Now we can create the deployment for the collector itself. There are several options for deploying the OTel collector including:

  • As a sidecar container on each / some pods. This requires less permissions but implies manual configuration of each deployment with a sidecar. This option may work well if you want to bolt on Logfire to specific existing applications you control without modifying the application itself or deploying the collector cluster wide.
  • As a DaemonSet, this will deploy the collector on every node in the cluster. This is a good option if you want to collect logs from all pods in the cluster without modifying each deployment. Additionally DaemonSets can collect certain information that is not available to sidecars or services. This is the option we will use in this guide.
  • As a Service/Gateway, this option that allows you to deploy the collector as a standalone Kubernetes service.
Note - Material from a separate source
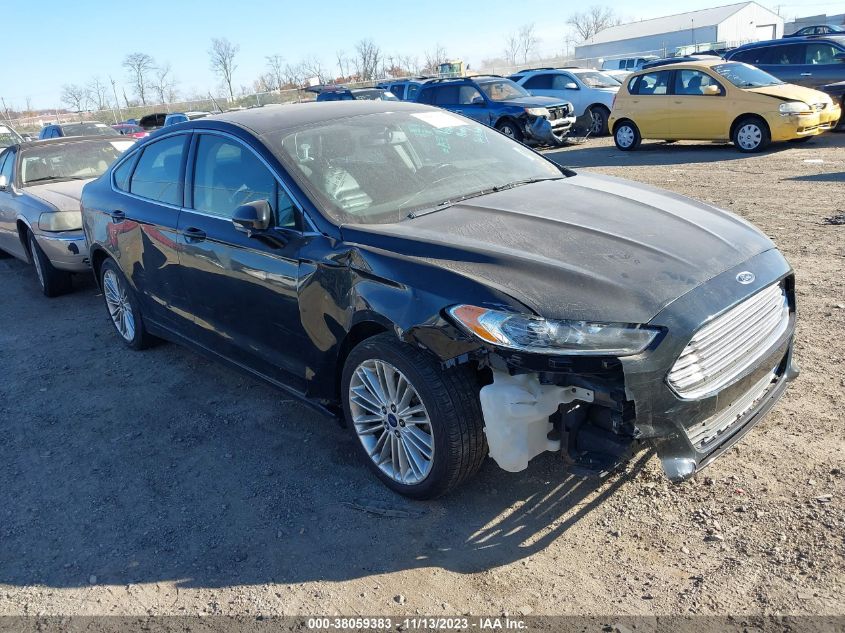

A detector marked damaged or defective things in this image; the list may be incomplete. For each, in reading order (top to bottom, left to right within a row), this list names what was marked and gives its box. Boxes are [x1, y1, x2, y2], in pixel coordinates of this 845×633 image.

Create a collector.yaml file with the following content:

collector.yaml
apiVersion: v1
kind: ConfigMap
metadata:
  name: otel-collector-config
data:
  config.yaml: |-
    receivers:
      filelog:
        include_file_path: true
        include:
          - /var/log/pods/*/*/*.log
        exclude:
          # Exclude logs from all containers named otel-collector
          - /var/log/pods/*/otel-collector/*.log
        operators:
          - id: container-parser
            type: container
          - id: json_parser
            type: json_parser
            if: 'hasPrefix(body, "{\"")'
            parse_from: body
            parse_to: attributes
            parse_ints: true
            timestamp:
              parse_from: attributes.timestamp
              layout_type: strptime
              layout: "%Y-%m-%dT%H:%M:%S.%f%z"
            severity:
              parse_from: attributes.level
              overwrite_text: true
    exporters:
      debug:
      otlphttp:
        endpoint: "https://logfire-api.pydantic.info"
        headers:
          Authorization: "Bearer ${env:LOGFIRE_TOKEN}"
    service:
      pipelines:
        logs:
          receivers: [filelog]
          exporters: [debug, otlphttp]
---
apiVersion: apps/v1
kind: DaemonSet
metadata:
  name: otel-collector
  labels:
    app: opentelemetry
    component: otel-collector
spec:
  selector:
    matchLabels:
      app: opentelemetry
      component: otel-collector
  template:
    metadata:
      labels:
        app: opentelemetry
        component: otel-collector
    spec:
      serviceAccountName: otel-collector
      terminationGracePeriodSeconds: 1
      containers:
      - name: otel-collector
        image: otel/opentelemetry-collector-contrib:0.119.0
        env:
        - name: LOGFIRE_TOKEN
          valueFrom:
            secretKeyRef:
              name: logfire-token
              key: logfire-token
        resources:
          limits:
            cpu: 100m
            memory: 200Mi
          requests:
            cpu: 100m
            memory: 200Mi
        volumeMounts:
        - mountPath: /var/log
          name: varlog
          readOnly: true
        - mountPath: /var/lib/docker/containers
          name: varlibdockercontainers
          readOnly: true
        - mountPath: /etc/otelcol-contrib/config.yaml
          name: data
          subPath: config.yaml
          readOnly: true
      volumes:
      - name: varlog
        hostPath:
          path: /var/log
      - name: varlibdockercontainers
        hostPath:
          path: /var/lib/docker/containers
      - name: data
        configMap:
          name: otel-collector-config

Apply this configuration via kubectl apply -f otel-collector.yaml.

You should now see logs from the plain-app and json-app in your Logfire dashboard!